As to the delivery to a ship of the vendee, see Annot. 7 A.L.R. 1405.

So, in the present case, the destination of the lumber, according to the orders therefor made by the Henry D. Davis Lumber Company, which were accepted as modified by plaintiffs, was not the mill dock, but Boston, Mass., or some other Atlantic coast point. Practically every shipment of the lumber that was made was from the state of Washington by water to points on the Atlantic coast. The final destination of the shipment, as contemplated by both the vendors and the vendees, and as thoroughly understood, was some point on the Atlantic coast.

The original contract for the sale of the lumber plainly provided that the Henry D. Davis Lumber Company should pay "Cash on Receipt of Documents". The Henry D. Davis Lumber Company received the documents, which included invoices, inspection certificates and mates' receipts, showing that the lumber had been furnished and placed in accordance with the purchaser's order, but that company failed to pay for the *Page 194 lumber, as agreed. The testimony shows that plaintiffs never waived any of the terms of the contract or arrangement, or agreed to any condition of payment other than that provided by the original contract, and no title to the lumber passed to the Henry D. Davis Lumber Company, or to its assignee.

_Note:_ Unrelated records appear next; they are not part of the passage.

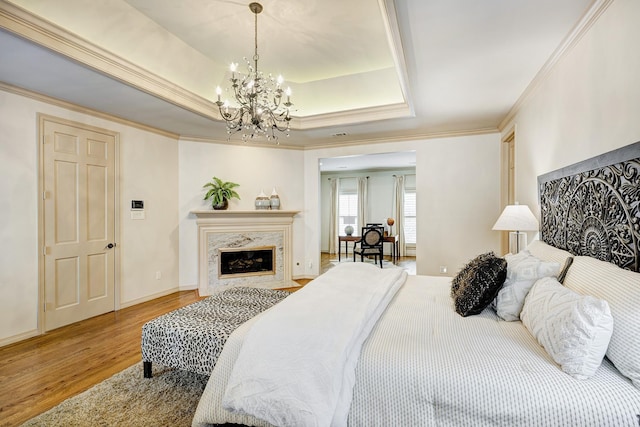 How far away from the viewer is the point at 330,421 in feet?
3.95

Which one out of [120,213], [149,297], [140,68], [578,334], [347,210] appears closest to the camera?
[578,334]

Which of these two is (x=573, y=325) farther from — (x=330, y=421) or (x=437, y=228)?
(x=437, y=228)

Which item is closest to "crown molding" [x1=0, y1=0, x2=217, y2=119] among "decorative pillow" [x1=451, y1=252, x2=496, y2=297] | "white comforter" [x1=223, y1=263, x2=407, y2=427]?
"white comforter" [x1=223, y1=263, x2=407, y2=427]

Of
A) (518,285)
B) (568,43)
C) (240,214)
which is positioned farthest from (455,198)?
(240,214)

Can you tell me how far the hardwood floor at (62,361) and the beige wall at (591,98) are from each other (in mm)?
3730

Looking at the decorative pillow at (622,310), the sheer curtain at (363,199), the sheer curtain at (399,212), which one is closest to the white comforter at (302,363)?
the decorative pillow at (622,310)

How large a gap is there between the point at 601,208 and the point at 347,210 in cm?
699

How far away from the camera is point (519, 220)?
2.79 metres

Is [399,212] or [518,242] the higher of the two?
[399,212]

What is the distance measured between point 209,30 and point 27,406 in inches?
131

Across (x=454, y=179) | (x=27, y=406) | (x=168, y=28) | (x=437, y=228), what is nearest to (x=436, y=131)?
(x=454, y=179)

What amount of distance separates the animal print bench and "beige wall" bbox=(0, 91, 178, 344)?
1.92 m

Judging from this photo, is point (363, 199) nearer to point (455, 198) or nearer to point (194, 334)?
point (455, 198)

Plaintiffs had a right to reclaim the lumber irrespective of their right of stoppage in transitu. Where the sale is for cash and the purchase price is not paid, the title, notwithstanding delivery, does not pass from the seller, and in the absence of a waiver or estoppel the seller may reclaim the goods, either from the buyer or from a third party claiming under the buyer. The buyer having no title himself can pass none, even to an innocent purchaser for value: Johnson v. Iankovetz,57 Or. 24 (102 P. 799, 110 P. 398, 29 L.R.A. (N.S.) 709); PeoplesState Bank v. Brown, 80 Kan. 520 (103 P. 102, 23 L.R.A. (N.S.) 824); McIver v. Williamson, 19 Okla. 454 (92 P. 170, 13 L.R.A. (N.S.) 696); 55 C.J. 920, 921, § 905.

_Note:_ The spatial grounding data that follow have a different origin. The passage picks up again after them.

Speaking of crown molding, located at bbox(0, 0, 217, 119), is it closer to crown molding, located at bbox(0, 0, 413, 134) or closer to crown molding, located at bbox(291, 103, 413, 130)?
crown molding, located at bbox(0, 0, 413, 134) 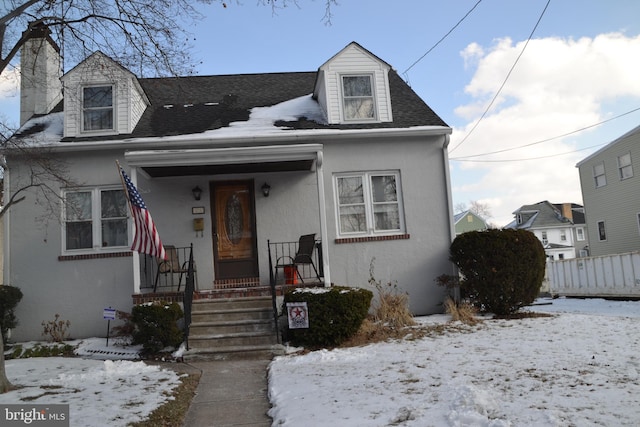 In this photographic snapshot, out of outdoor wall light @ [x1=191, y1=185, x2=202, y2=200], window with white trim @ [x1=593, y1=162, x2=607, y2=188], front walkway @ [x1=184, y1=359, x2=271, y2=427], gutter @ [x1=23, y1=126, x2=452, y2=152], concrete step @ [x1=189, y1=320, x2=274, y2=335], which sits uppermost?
window with white trim @ [x1=593, y1=162, x2=607, y2=188]

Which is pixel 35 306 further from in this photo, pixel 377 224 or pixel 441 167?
pixel 441 167

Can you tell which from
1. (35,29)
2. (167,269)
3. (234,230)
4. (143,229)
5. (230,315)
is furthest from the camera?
(234,230)

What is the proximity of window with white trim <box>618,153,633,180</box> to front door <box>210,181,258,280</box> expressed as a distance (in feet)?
56.3

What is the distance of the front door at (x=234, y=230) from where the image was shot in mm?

In the sale of cumbersome articles like lumber, it can not be delivered and collection made therefor in the same manner as goods are sold over the counter. Where payment is to be made for lumber "Cash in Exchange for Documents" there is necessity for sufficient time to examine or check the documents, ascertain if the invoice corresponds with the order, if the inspection certificate is in proper shape and if the mate's receipt covers all the lumber described in the invoice: Samuel M. Lawder SonsCo. v. Albert Mackie Grocer Co., 97 Md. 1 (54 A. 634).

Delivery and payment are concurrent conditions unless otherwise agreed: § 64-502, Oregon Code 1930. A transfer of a non-negotiable document gives no additional *Page 195 right: § 64-415, Oregon Code 1930. The property in goods passes when parties so intend: § 64-402, Oregon Code 1930.

The appellants contend that the plaintiffs waived the payment of cash upon delivery of documents. A prior course of conduct under previous contracts will not operate as a waiver of an express stipulation in a new contract. To constitute a waiver of the condition of payment, there must be not only an act of delivery but also an intent not to insist on immediate payment as a condition of the title passing. In a cash, or cash on delivery sale, if the seller delivers but the buyer violates his promise to pay, the buyer does not acquire title: First State Bank ofBrandon v. Kohl, 79 Colo. 620 (247 P. 571); Hale v. BeleyCotton Co., 154 Tenn. 689 (290 S.W. 994). And after delivery the title remains in the seller until payment unless he waives the right to treat the sale as a cash transaction: Pyrene Mfg. Co.v. Burnell, 127 Me. 503 (144 A. 649); Luce v. Brown, 96 Vt. 140 (118 A. 530). If the contract provides for payment, delivery alone is not sufficient to pass title: 55 C.J. 573, § 580. If the seller delivers on an understanding, express or implied, that he is to receive immediate payment, and he does not, he may reclaim the goods, or if he delivers on payment by check and the check is dishonored he may reclaim the property, or its value: 55 C.J. 576, § 583; In re Perpall, 256 Fed. 758 (168 C.C.A. 104); Clark v. Hamilton Diamond Co., 109 Cal. 1 (284 P. 915). The vendor may reclaim the property from the vendee or any party who has no greater equities: Mott v. Nelson, 96 Okla. 117 (220 P. 617); First National Bank of Byars v. Griffin,31 Okla. 382 (120 P. 595, 49 L.R.A. (N.S.) 1020).

From a careful consideration of the record, we are unable to agree with appellants that the sale was on *Page 196 a short-time credit or other than cash on delivery of documents. On receipt of the documents by the Henry D. Davis Lumber Company, checks were drawn by it in favor of the plaintiffs, the sellers of the lumber, for the several amounts named in the invoices in accordance with the contracts of sale or orders and acceptances, but the checks were not mailed or delivered to the sellers and were held, and payments were not made. This was in violation of the contracts providing for the terms of sale, "98% Cash in Exchange for Documents", or a similar stipulation of "Cash Less 2% Upon Receipt of Papers". The writing of the checks at the time of the receipt of documents by the Henry D. Davis Lumber Company shows that it was the understanding of the officers of that concern that it was a cash transaction and not a sale on credit. The Henry D. Davis Lumber Company had endeavored to obtain a purchase of the lumber on a fifteen-day credit, but this was refused by the sellers. The plaintiffs did nothing to indicate that they waived their right to immediate payment. They did not assent to a short-time credit: Johnson v. Iankovetz, supra.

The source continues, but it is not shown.